- [REQUIRED WORK] Starting at the line with "pc portatil medion e16401", return every line through the final one of the data, word for word. Pictures stay out.

- [PROVIDED DATA]
■ ■ ■ ■ ■

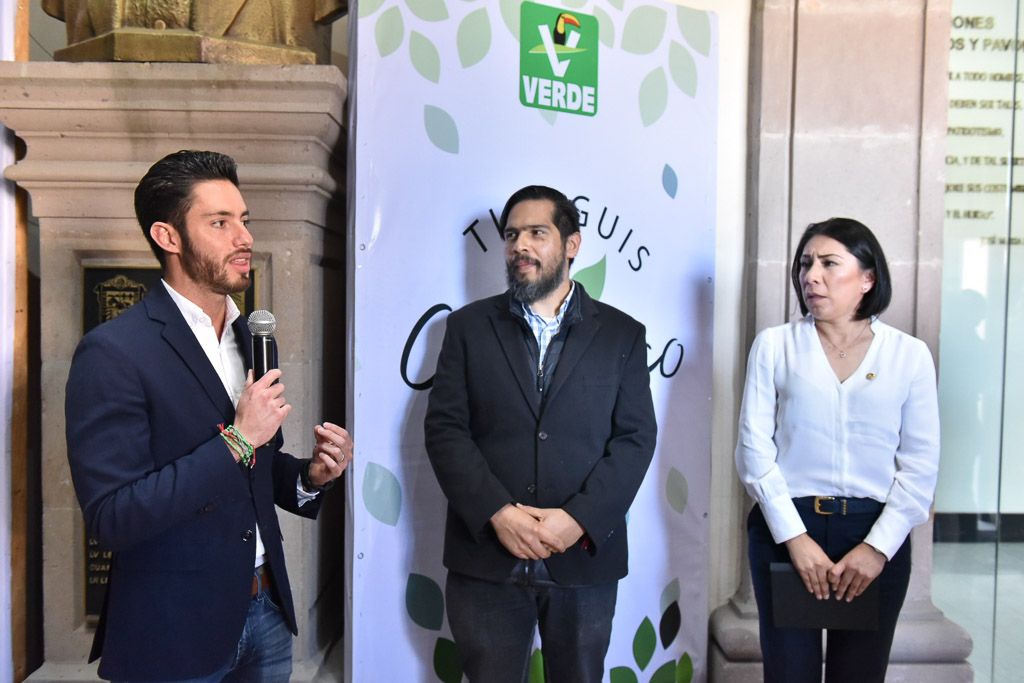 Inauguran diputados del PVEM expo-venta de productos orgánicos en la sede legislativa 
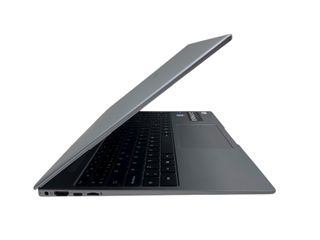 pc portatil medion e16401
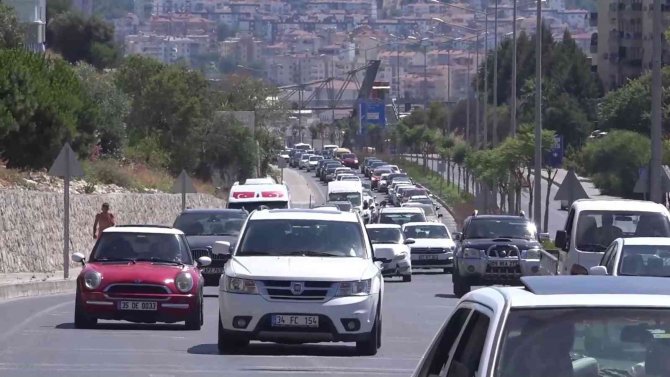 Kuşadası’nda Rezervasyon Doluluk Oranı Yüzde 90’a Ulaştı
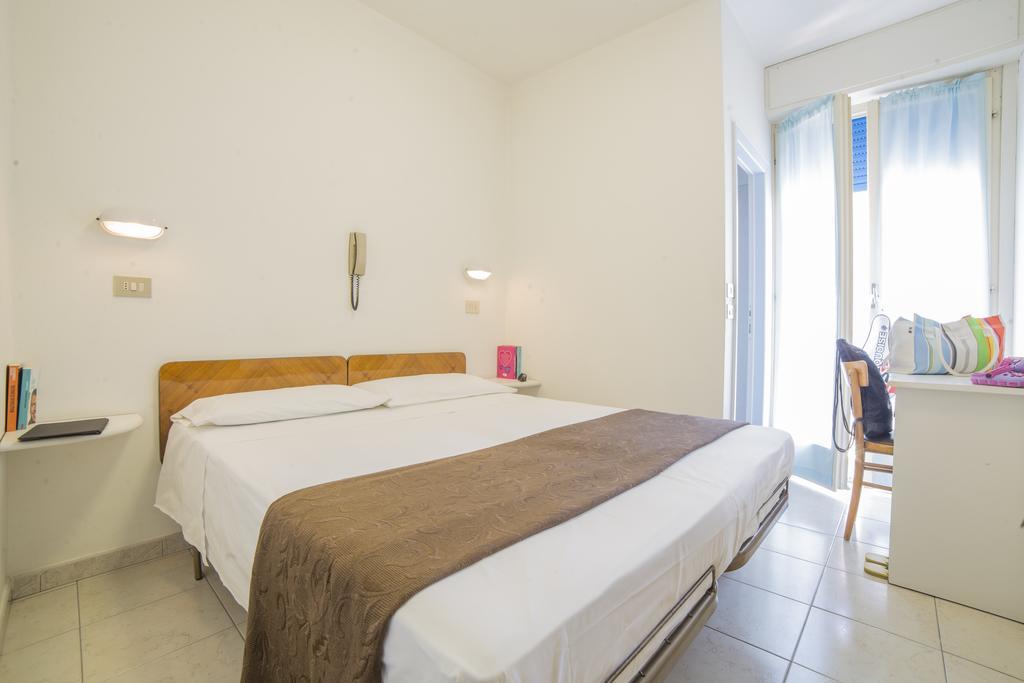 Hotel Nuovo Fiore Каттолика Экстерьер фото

■ ■ ■ ■ ■

- [YOUR RESPONSE]
 pc portatil medion e16401
 Kuşadası’nda Rezervasyon Doluluk Oranı Yüzde 90’a Ulaştı
 Hotel Nuovo Fiore Каттолика Экстерьер фото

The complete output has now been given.